论发展中国家实施资本管制的制度基础,本文主要内容关键词为:管制论文,发展中国家论文,资本论文,制度论文,基础论文,此文献不代表本站观点,内容供学术参考,文章仅供参考阅读下载。
一、发展中国家国内金融制度的落后
发展中国家的货币金融制度大多是在战后伴随着政治、经济的独立逐步建立起来的,普遍具有经济货币化程度低下,金融体系欠发达,金融资源极为有限、国有银行效率不高并有大量的呆帐等特点。尽管从70年代开始,许多国家进行了金融自由化的改革,但在现阶段,发展中国家,包括新兴工业化国家,国内金融体系的不完善很难在短期内得到修正。这是因为生产力水平的落后性制约了发展中国家金融的发展及金融制度的完善。西方金融业比发展中国家发达,这不仅体现在它的金融工具、手段上,也体现在其金融制度上,而这一切是适合西方国家商品经济发展的,与西方国家经济发展水平相适应。从工业革命开始,西方国家的资本主义走过了200年的历程,而新兴工业化国家的工业化却仅有几十年。金融制度与实物经济的制度虽有一定的区别,但很多是可以借鉴实物经济的。实物经济越发达,其管理水平越高,制度越健全,金融制度也会较为完善,市场管理能力也会增强。

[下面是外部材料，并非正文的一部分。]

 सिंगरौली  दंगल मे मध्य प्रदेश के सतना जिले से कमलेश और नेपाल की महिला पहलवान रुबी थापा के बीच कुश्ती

在国内金融制度落后及不完善的情况下,发展中国家的金融市场对外开放后,将使金融业竞争更加激烈。这将给原先受保护的国内金融机构带来压力,而且会使国内金融机构的弱点完全暴露。在这种情况下,一旦出现金融危机,利率的调整和汇率的调整将减少金融机构的净值,这就在一定程度上制约了中央银行对利率、汇率进行调整以对付资本突然大量外流或汇率大幅度波动的能力。例如,一旦一国货币受到冲击,中央银行传统的政策选择是运用其外汇储备购进本币,并同时提高国内利率,以加重投机者的成本。但问题是,在许多国家,银行体系的财务状况往往使当局不能过分提高利率以击退投机风潮。这是因为,(1)如果银行部门的资本充足率较低,资产负债表状况较差,由于利率上升导致的损失会造成人们对银行体系偿付能力的担心,挤兑会随时出现。这将可能导致银行破产,或者政府使用官方资金提供紧急援助。(2)在多数国家,银行持有资产的期限比其负债的期限要长,银行本身存在利率风险,而且发展中国家的银行不能够完全地对这种利率风险进行套期保值。当短期利率骤然上升并持续一段时间的话,靠短期负债的银行收入就会减少。(3)短期利率骤然上升的另一个影响是导致银行不良贷款的增加。因为在发展中国家,银行债务是工业资金的主要来源,利率的持续上升将使企业的还款出现困难。在这种情况下,中央银行反击投机能力是有限的。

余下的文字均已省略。